3) I set the three guides on the jig base, set the router base in them, then moved things around to determine what I thought was the best place to secure them, then locked them in place. 

I added two adjustable stops near the top guide, to sandwich the spoon/ladle being worked.

I added one clamp at the bottom to finish securing the spoon or ladle. A notch in the end of the clamp holding the spoon might secure items better, if you find need.

4) Once everything is in place, set your router cut depth, set the base so the three carriage bolts land in the guides and begin routing using your usual best methods for easing a bit into wood.

NOTES:

* It takes five minutes or less to carve out a spoon or ladle.

* I grab cheap or free plexi and acrylic every chance I get. Free is, of course, best. The base for this project was from 1/4 plexi from a store display.

* I use a cove bit to produce rounded edges, but you could swap it out for a flat bit, if you had more material to remove. Just use one that will allow the round bit to take a bit more material off around the edges, so you do end up with rounded corners inside.


----------



## eccentrictinkerer (Dec 24, 2007)

"Being inclined to work abnormally hard at being lazy, I went to work finding an easier way."

I'm often accused of doing the same thing. We must be twin sons of different mothers!

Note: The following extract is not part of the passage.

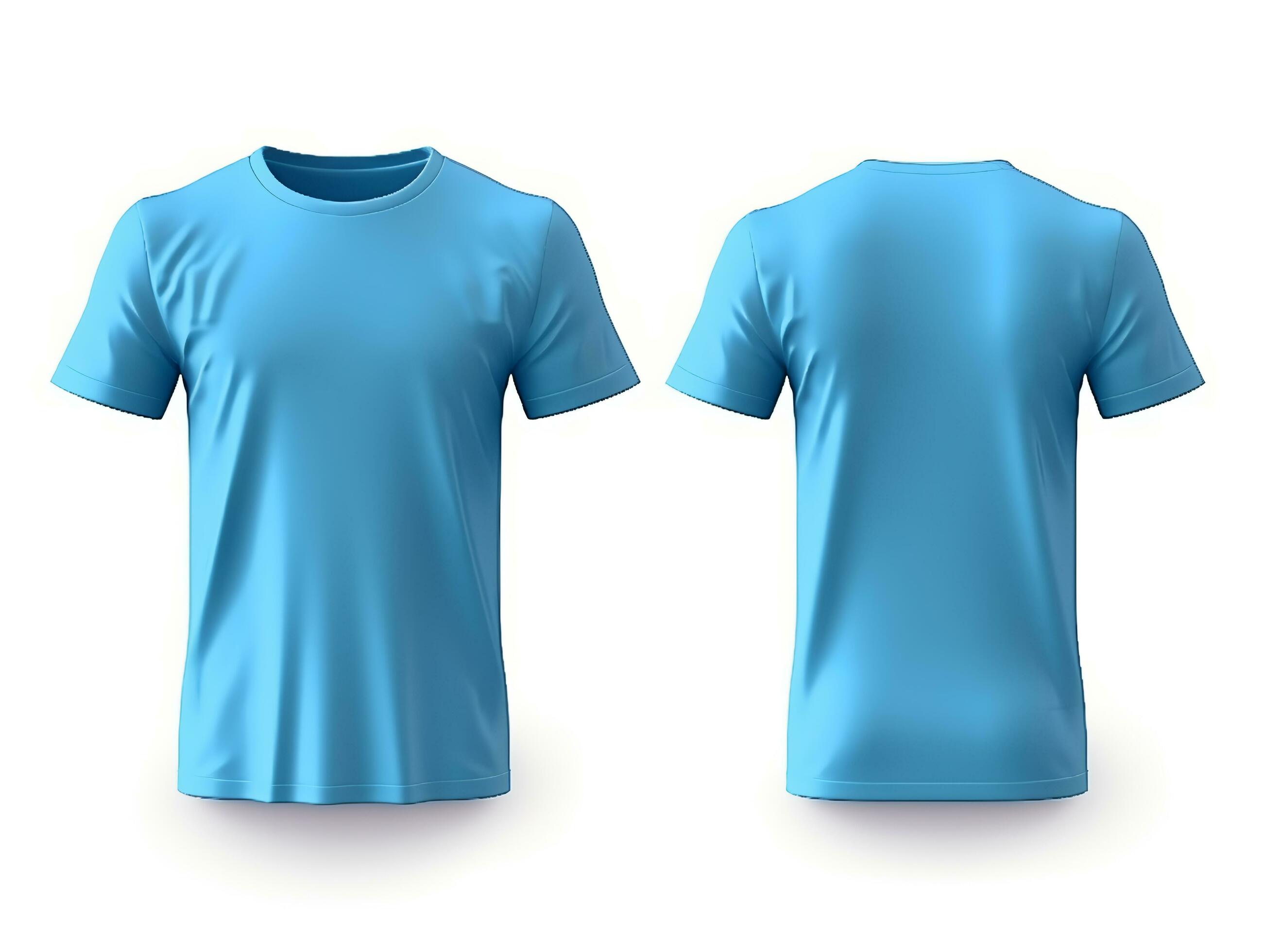 plain blue t-shirt mockup design. front and back view. generative ai ...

Very clever jig. It just gave me an idea for a task I've been thinking on. Thanks!


----------



## Dejure (Jul 27, 2009)

Welcome. And it still ticks me off that [other] mom liked you best.


----------



## harrysin (Jan 15, 2007)

That's one very clever jig.


----------



## Carlswoodturning (Mar 6, 2013)

Very clever design! It seems that if you wanted to make oval shape, you just need to make the guides oval, do you think there would be a problem making convex guides to do the bottom of the spoon? (after flipping it)


----------



## thomas1389 (Jan 4, 2012)

Very clever indeed. There is an abundance of ingenuity on this forum. It never stops.


----------



## Dejure (Jul 27, 2009)

*Guides for Kelly's Spoon Jig*

Carl, I think you can cut about any pattern shape you want. The only complication would be adding sides to force the followers (carriage bolts) to stay within their guides. HOWEVER, I was trying to think of where I could get some flexible, but somewhat rigid plastic to make some feather boards I had in mind and it popped into my head that plastic buckets are a dime a dozen, or less.........




Carlswoodturning said:


> Very clever design! It seems that if you wanted to make oval shape, you just need to make the guides oval, do you think there would be a problem making convex guides to do the bottom of the spoon? (after flipping it)


----------



## Shortslvs (Jan 13, 2013)

Video Video Video Video

If you couldn't guess - I would like to see a video of this jig in action


----------



## Dejure (Jul 27, 2009)

*Modifications and Improvements of My Spoon Jig*

It'll be a while. It's cold here and my shop is new and lacking insulation, ceiling rock and so forth. 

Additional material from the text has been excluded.